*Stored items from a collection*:

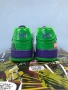 Marvel x BAPE Bapesta "Hulk" – Premium Streetwear Collector Edition | Размери 36-46, снимка 4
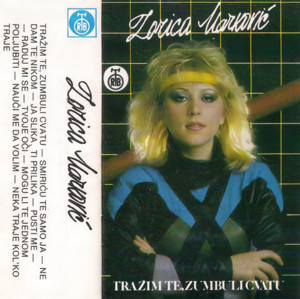 Zorica Marković - Tražim te, zumbuli cvatu
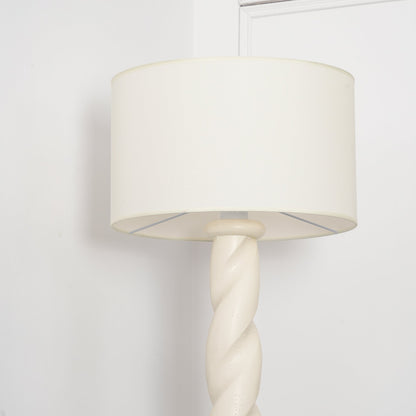 Yisi North Tower Floor Lamp with LED Shade - Indoor Lighting
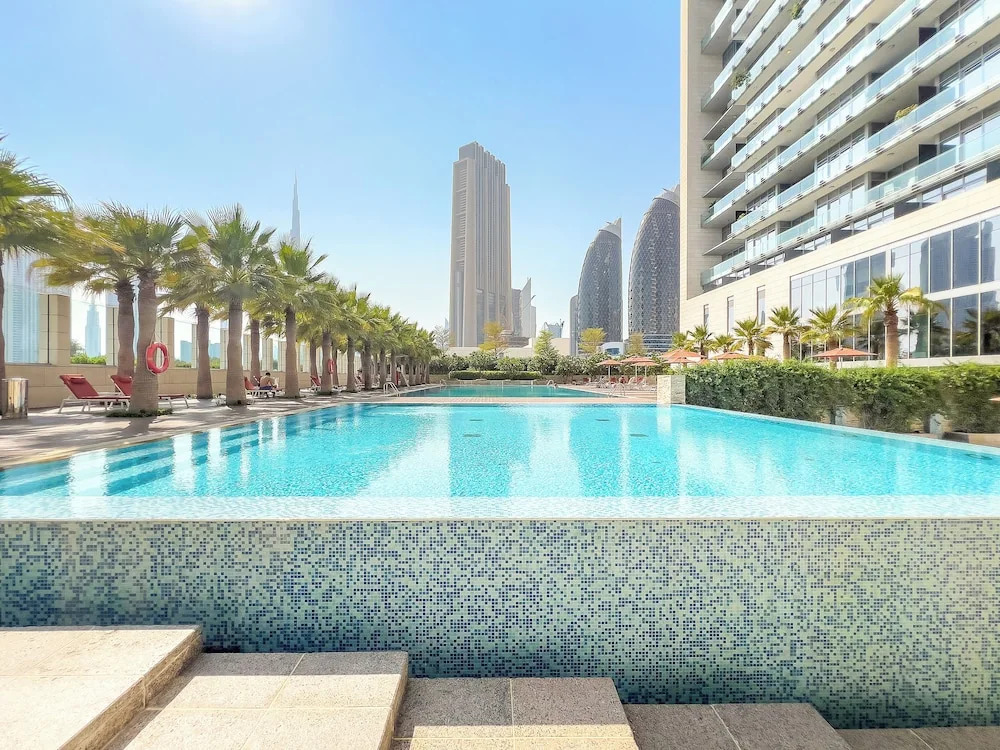 Дубай: Silkhaus Burj Daman, DIFC Dubai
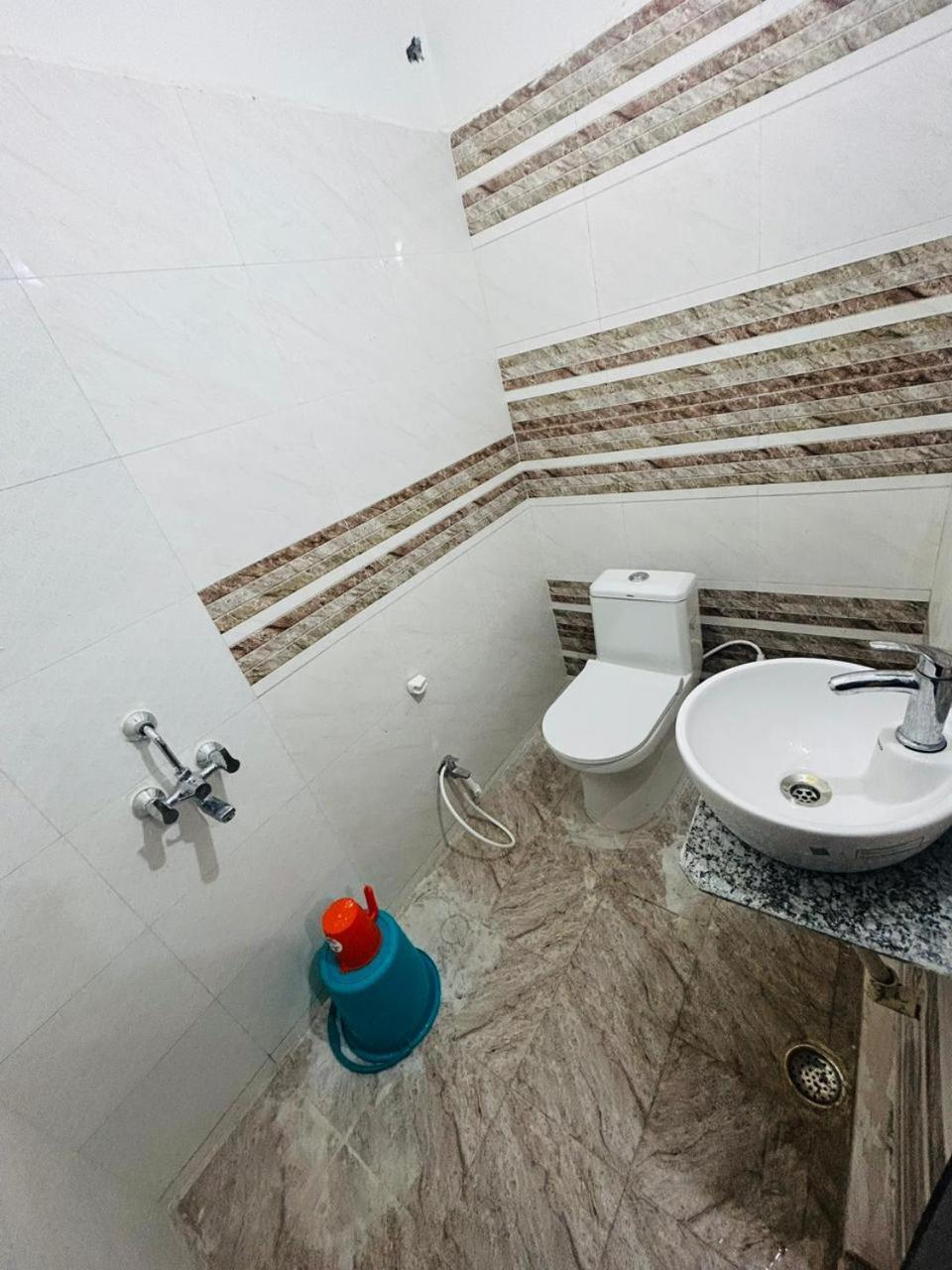 Hotel Maurya Vihar Bodhgaya Dış mekan fotoğraf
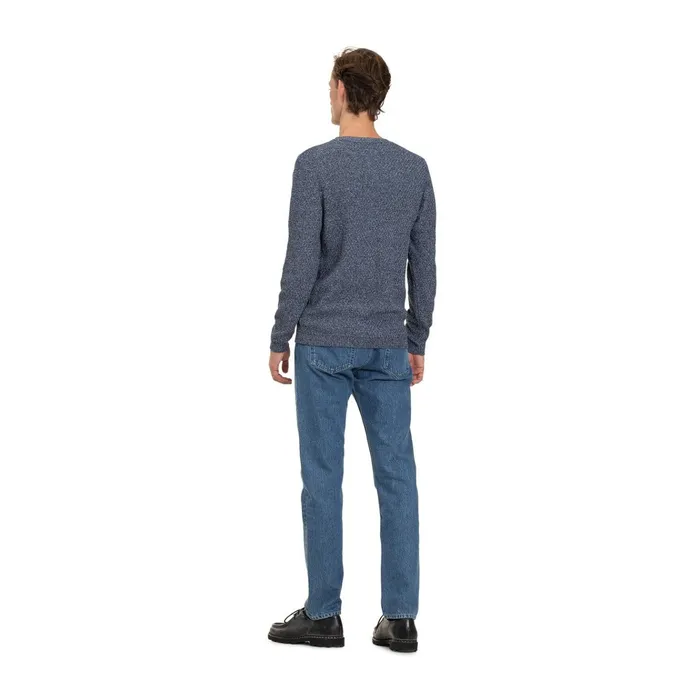 Men Aros Regular Light Stretch Chino Espresso Norse Projects Trousers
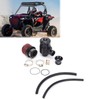 Adjustable Blow Off Valve BOV with Filter Replacement for Polaris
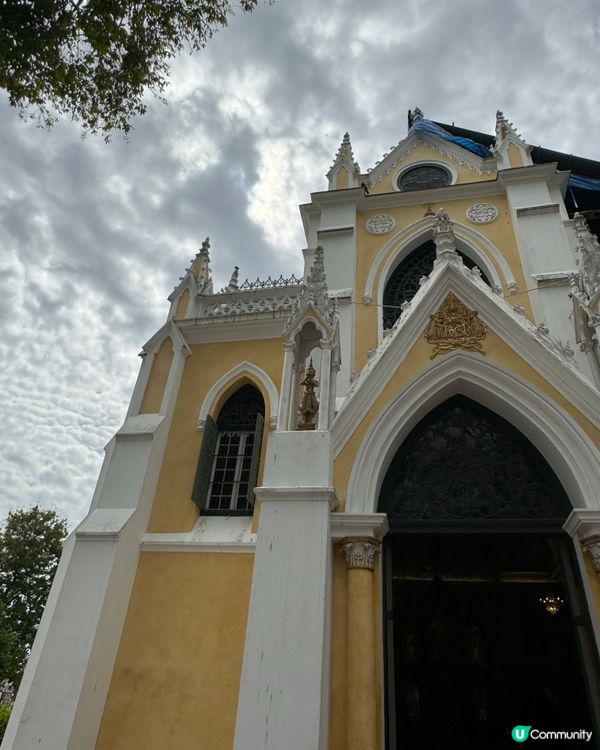 泰國大城區一日遊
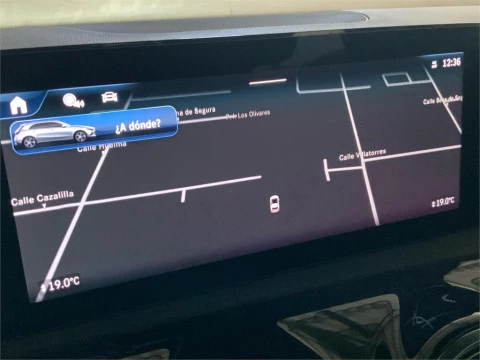 Mercedes-Benz Clase A 180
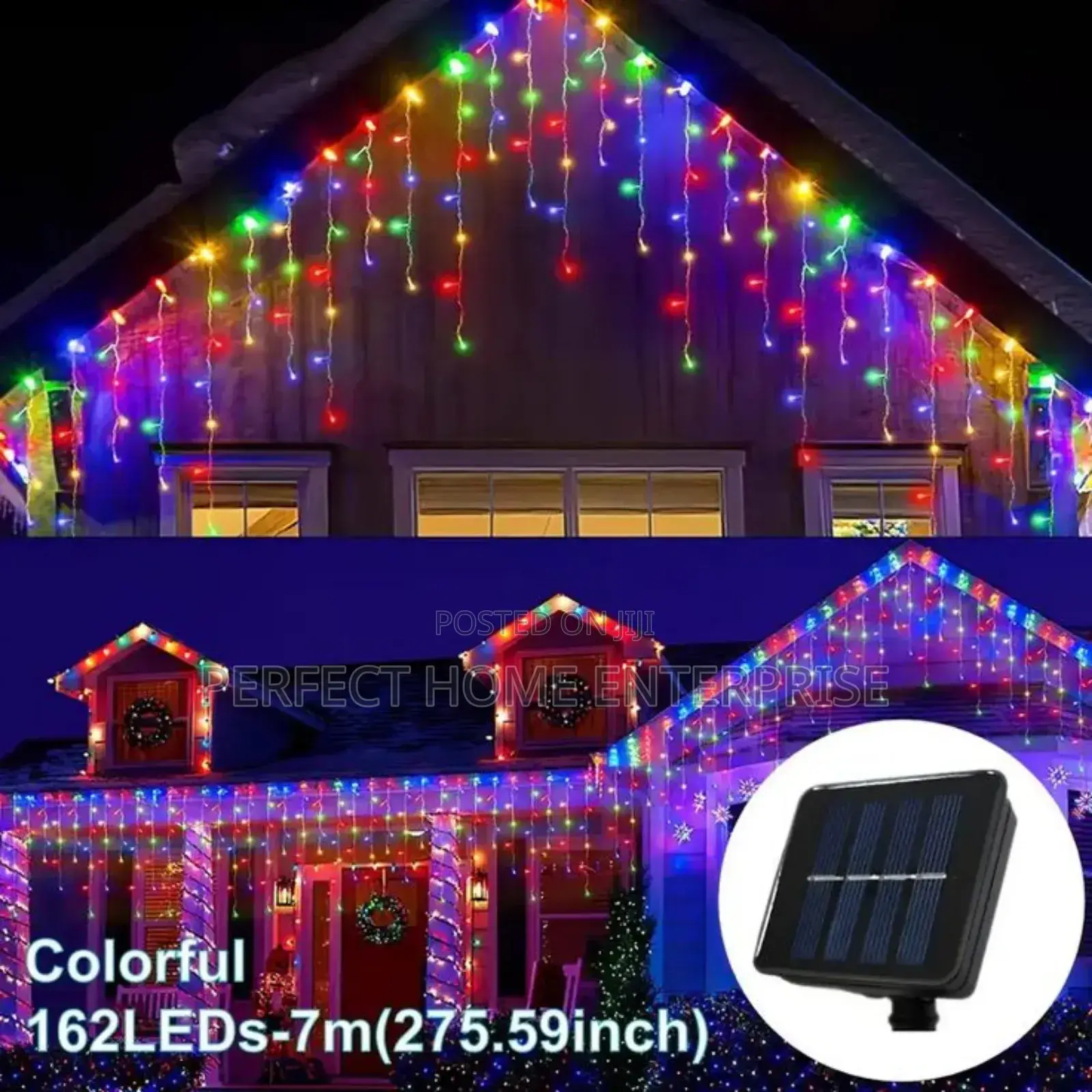 Christmas Strip Light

*What you have to do*:
Each line above is to be duplicated exactly, and the pictures are to be omitted.

*Response to the exercise*:
 Marvel x BAPE Bapesta "Hulk" – Premium Streetwear Collector Edition | Размери 36-46, снимка 4
 Zorica Marković - Tražim te, zumbuli cvatu
 Yisi North Tower Floor Lamp with LED Shade - Indoor Lighting
 Дубай: Silkhaus Burj Daman, DIFC Dubai
 Hotel Maurya Vihar Bodhgaya Dış mekan fotoğraf
 Men Aros Regular Light Stretch Chino Espresso Norse Projects Trousers
 Adjustable Blow Off Valve BOV with Filter Replacement for Polaris
 泰國大城區一日遊
 Mercedes-Benz Clase A 180
 Christmas Strip Light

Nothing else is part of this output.